Eaves and the others at Castle & Key want to make something clear: for as long as there’s been a bourbon industry, there have been people that say they’re producing from a historic recipe or a family-kept secret. But as long as there’s been technological developments, distilleries have become not only more efficient but slowly produced a more even, reliable spirit. During R&D, they opened a bottle Old Taylor whiskey that had been distilled in 1917 and bottled in 1933—made by the distiller who built the very distillery they now operate, Colonel Taylor. They found it inspiring, and it acts as a guide in their development, but the current roster of products makes use of all these decades of technical and scientific advancement. It’s not a recreation.
“I did not expect much,” Eaves says of the bottle they opened, “but this was so different. I could tell that it had a lot of complexity. Just like today, there are some bottles and barrels that are rockstars and others that are OK. But our mission from that point on was to produce something that had a similar character to what we had tasted to pay homage to that product.” What this means is striking the sweet butterscotch note that endeared them most. With their commitment to being a local product, they began to source as much grain as possible in Kentucky, as well as white and yellow corn and rye—all grown in-state. “We were then able to confirm 100% that both our recipe and our yeast strain are local. It really does make a difference. A lot of people think that white dog [un-aged spirit] is white dog and it goes into the barrels and that’s where it gets the flavor. That’s a myth,” she says. They plan to release four different styles of bourbon, two different styles of rye—and more.

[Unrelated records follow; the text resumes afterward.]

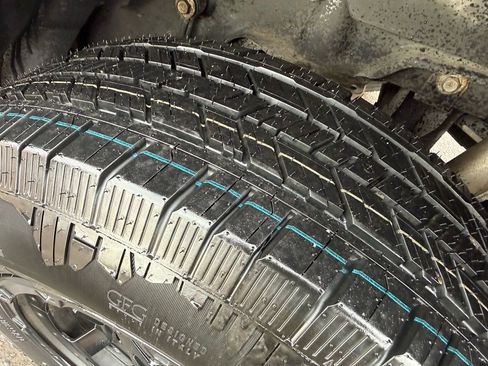 Used 2008 Jeep Commander Sport image 11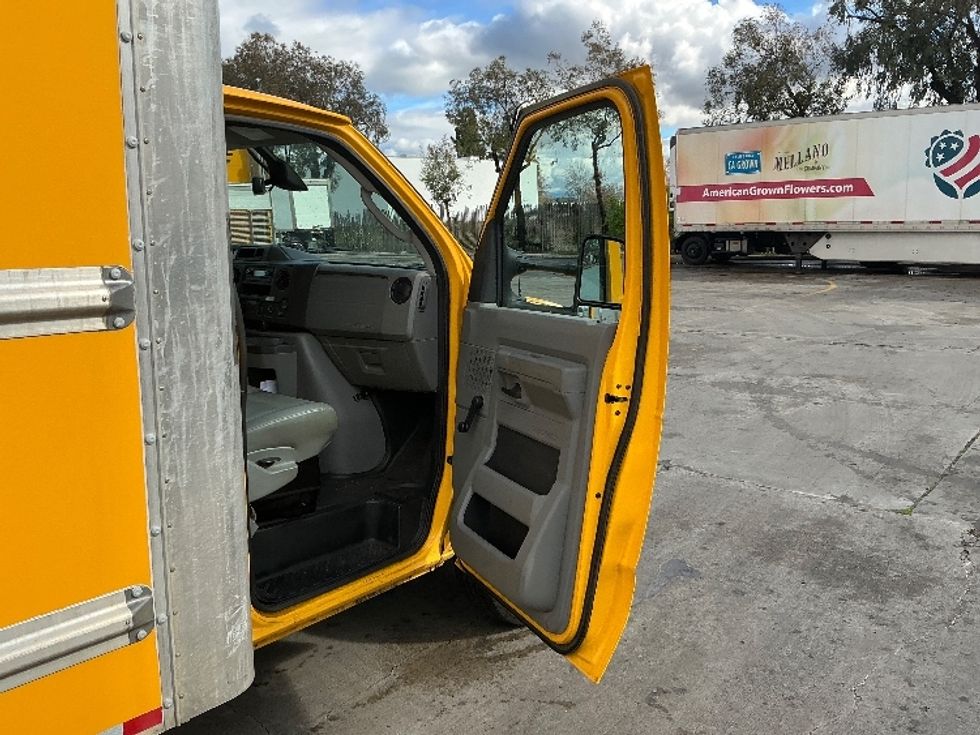 Light Duty Box Truck-Light and Medium Duty Trucks-Ford-2021-E350-Fontana-CA-95,150\n\t\tmiles-$ 27,750 - Image 19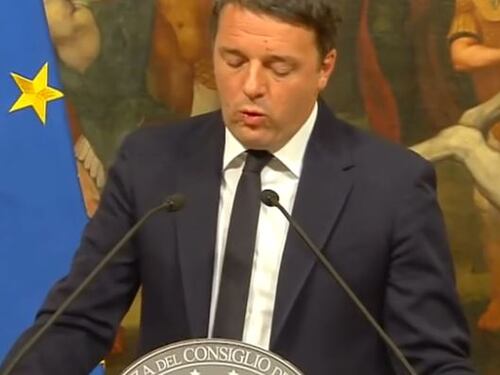 Renzi riparte da Napoli e snobba i "capetti" del Pd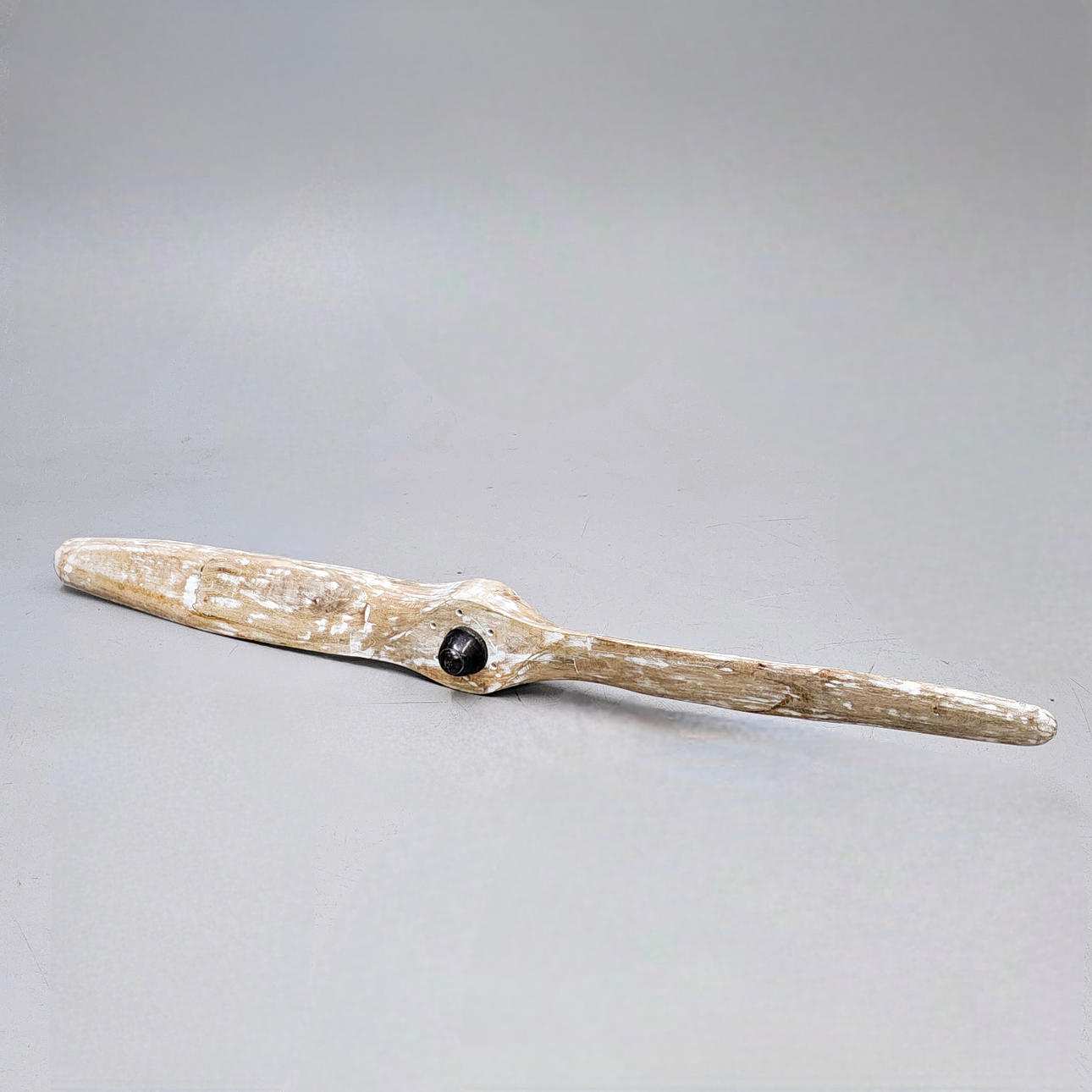 FLUGZEUGPROPELLER AUS HOLZ.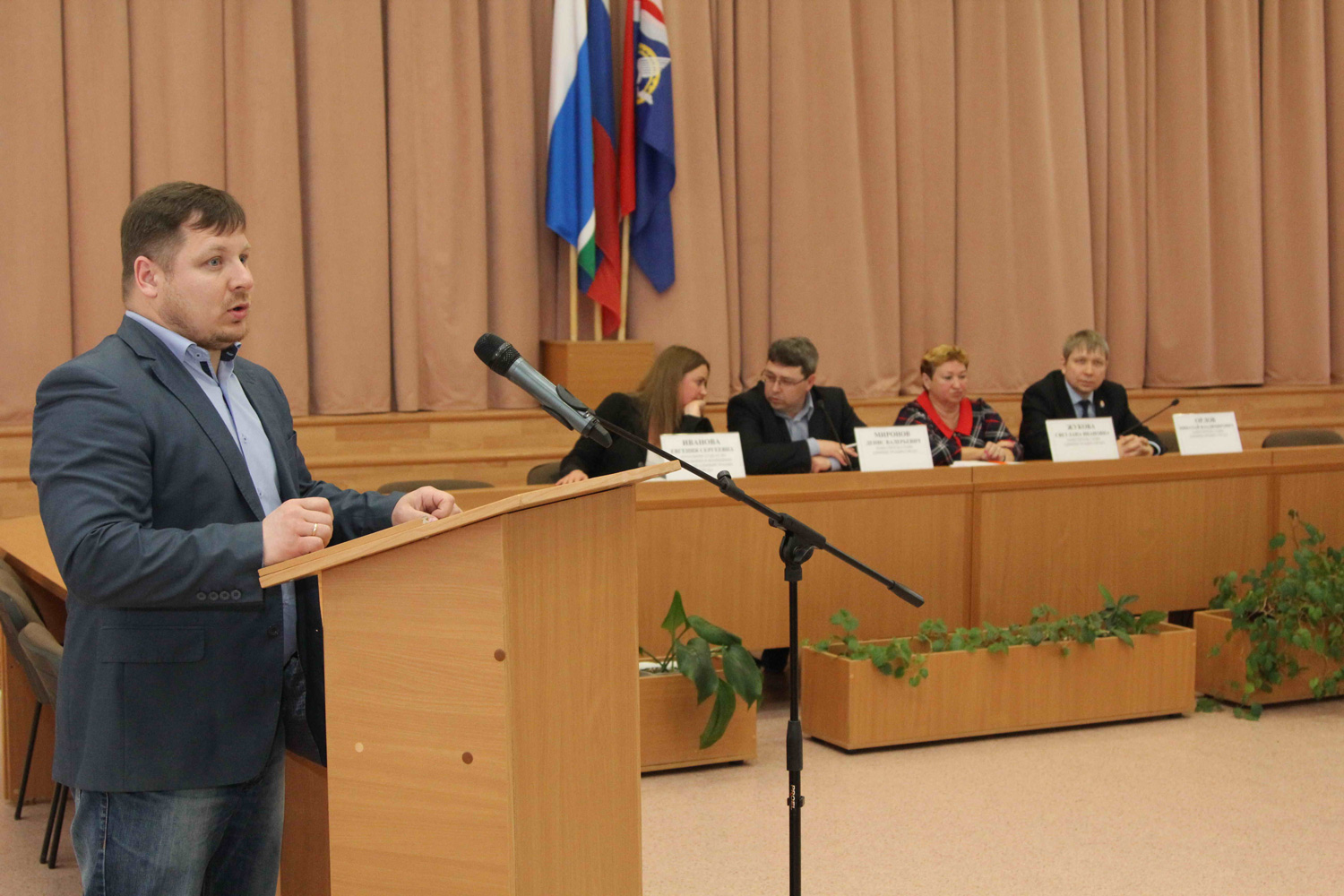 Застройщики и чиновники собрали желающих получить квартиру в Каменске-Уральском – заверяли, что осуществить заветную мечту более чем реально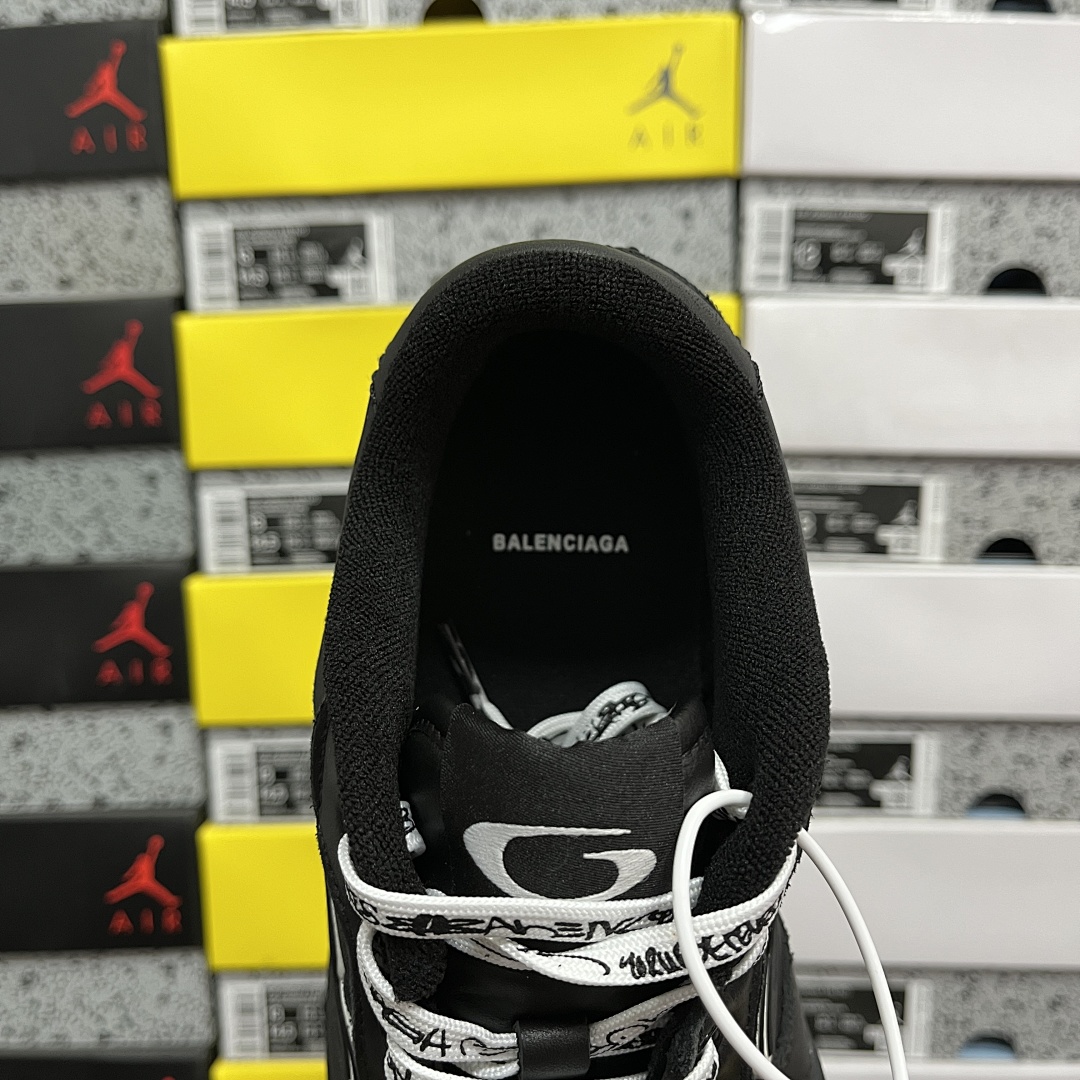 Balenciaga Hamptons Sneakers - Image 9
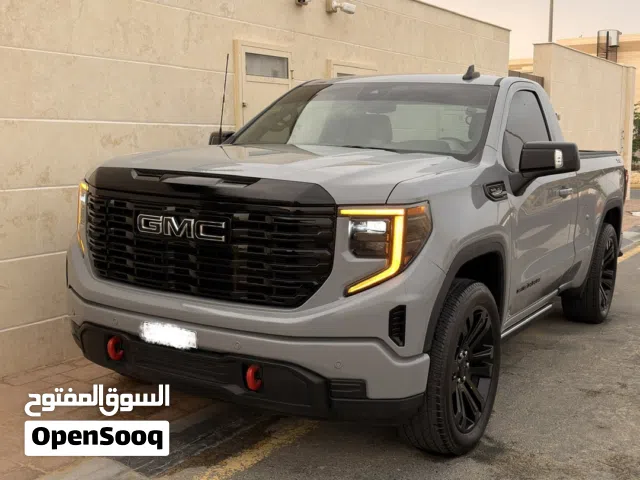 2025 جي إم سي سييرا 1500 SLE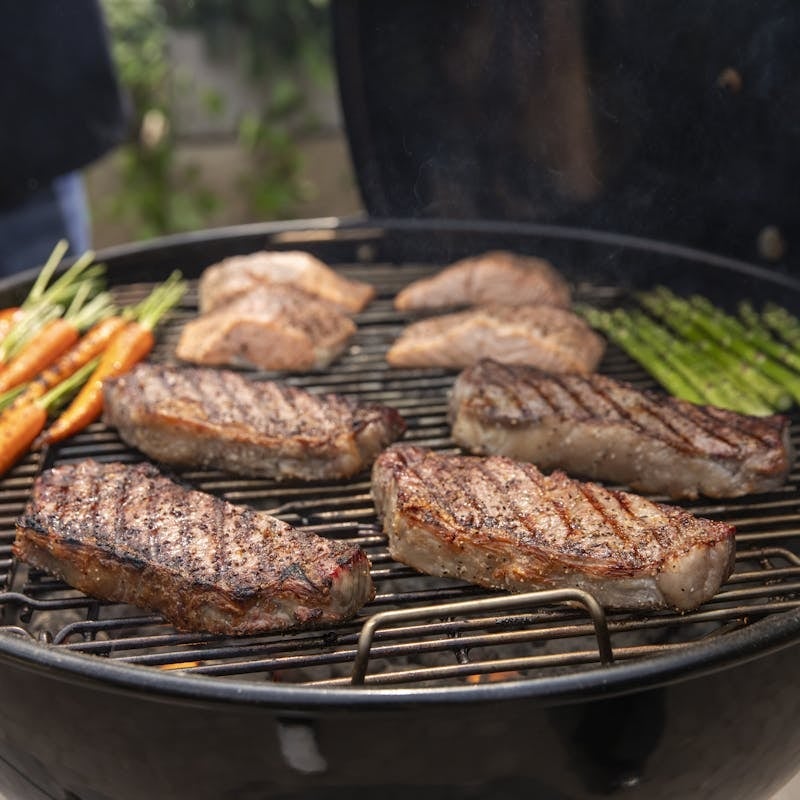 Weber 1500064 Master-Touch Charcoal Grill 26 Inch: Black Weber 1500064 Master-Touch Charcoal Grill 26 Inch: Black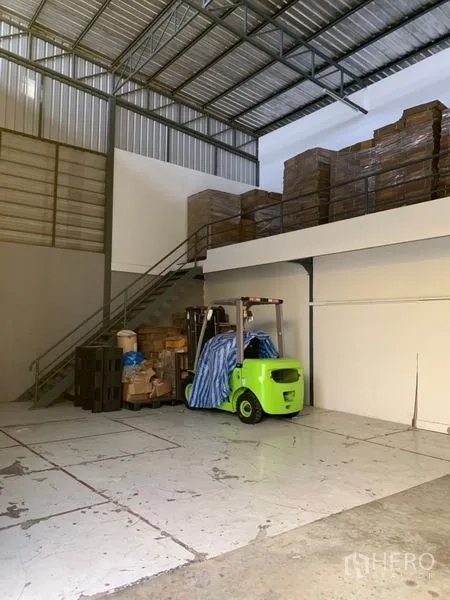 คลังสินค้า ให้เช่าในBang Kapi, Bangkok - พื้นที่โกดังเพดานสูงพร้อมชั้นลอย บันไดเหล็ก และทางเข้าฟอร์คลิฟต์.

One has to ask, why do a vodka and a London Dry gin in Kentucky? Eaves has a valid answer. “Will [Arvin, co-owner] in particular is a gin lover. We were sitting around a table in Louisville and he asked me about making gin. I had never made it. I had made vodka. There’s a lot of gin showing up on cocktail menus. People are more interested in it and brands are starting to get innovative with it.” She knew they could do the same—especially with the quality of their base spirit. They began to build a botanical profile and create a product through a dual-basket infusion system. It’s been well received, but Eaves drives home the ultimate mission, “It was important for us to get something out there because consumers have been waiting for something for so long.” And while we all wait for the bourbon and rye to finish aging, the gin has been flying off the shelf.
Tours with tastings have commenced at Castle & Key for $30 per person. On their mission of inspiration and recognition, they hope to build this reputation as a Napa Valley-type excursion, just along the whisky trail.